Vit et travaille à Saint-Ouen. Né à Sainte-Adresse en 1984
Les œuvres d’Emmanuel Le Cerf doivent être attentivement regardées, car s’y loge le quasi invisible ou l’à peine perceptible, que la photographie, elle-même intermédiaire écranique, ne saurait parfaitement livrer. Là réside l’un des enjeux de son travail : rappeler notre capacité défectible à connaître par l’expérience sensible, mais aussi douter de ce que l’intelligence seule dit. La condition des objets et images produits, sujette à modifications, altérations, voire disparition, est, comme celle d’un mastic appliqué sur du tulle (Écran blanc, 2017), d’un papier Fax exposé à la chaleur (Sans titre, 2014), d’une image pulvérulente balayée à la fin d’une exposition (Il n’y aura pas de prochaine fois, 2014) : rémanente.

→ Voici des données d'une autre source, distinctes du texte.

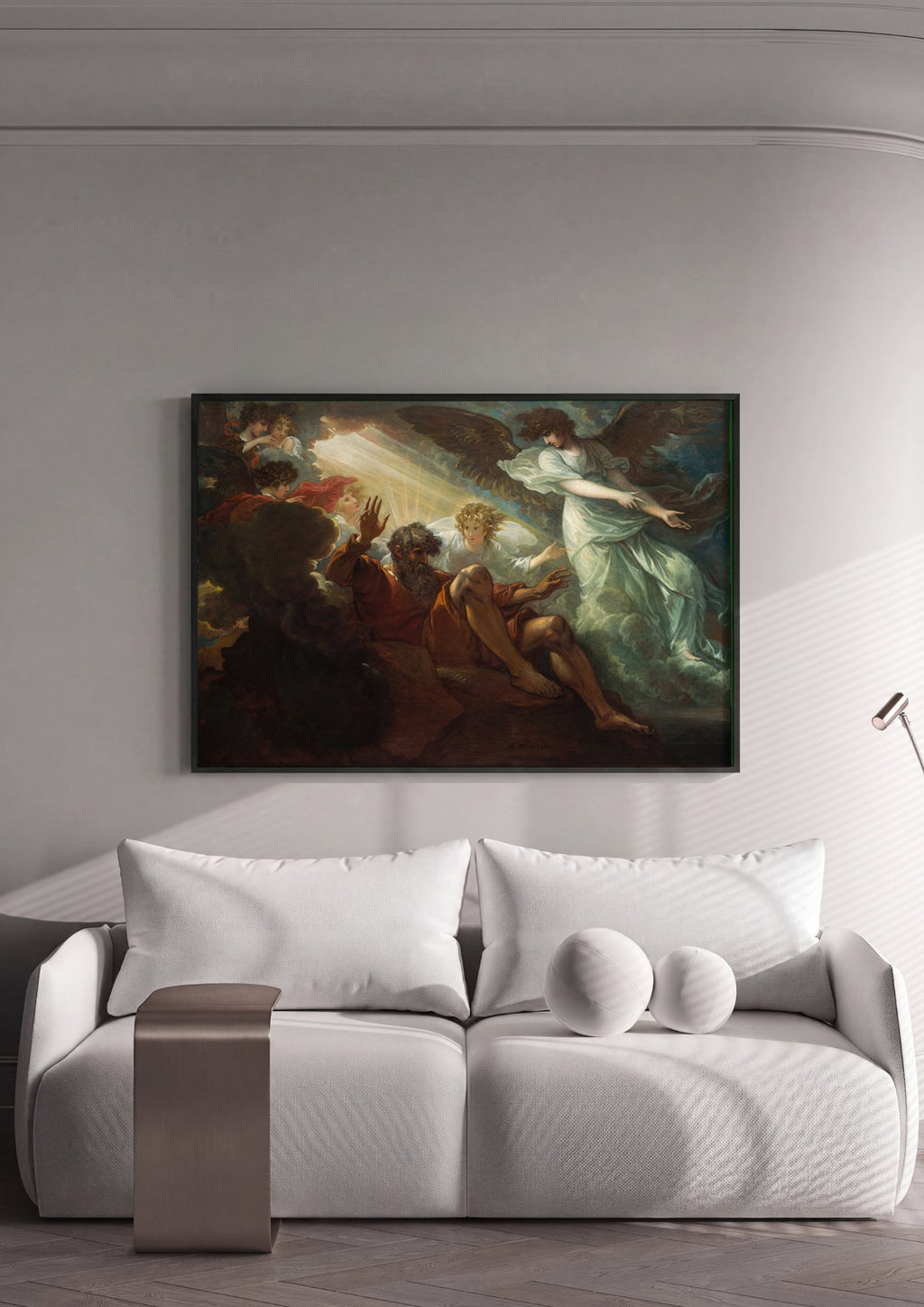 Quadro Decorativo A Visão de Ezequiel - Benjamin West em ambiente decorado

De fait, la potentialité de ses œuvres à subsister à la disparition de leurs conditions d’émergence, de leur manifestation initiale, tient à leur ténacité à être œuvres au-delà de leur mise en forme. Cette persistance accompagne une temporalité singulière, incluant les phases préparatoires, le temps de monstration, leur devenir questionnable. Les œuvres d’Emmanuel Le Cerf seraient de l’ordre du noumène kantien : existence en soi, quand le phénomène varie selon le moment ou l’angle d’où le spectateur le contemple (Ambulance, 2014), et contient en postulat sa propre finitude. Sur cet incertain statut de l’image comme icône, iconoclasme, réminiscence, spectre, absence, tenant du voile de Véronique comme d’affiches de rue effacées par la pluie, surnagent les peurs que la caméra infrarouge tunée de Phobos (2016) déchiffre, avec la pulsation d’une flamme qui tremble, sur les couvertures noircies de livres : anabléphobie (peur des regards insistants), achluophobie (peur de l’obscurité), et, en particulier, athazagoraphobie : peur d’être oublié.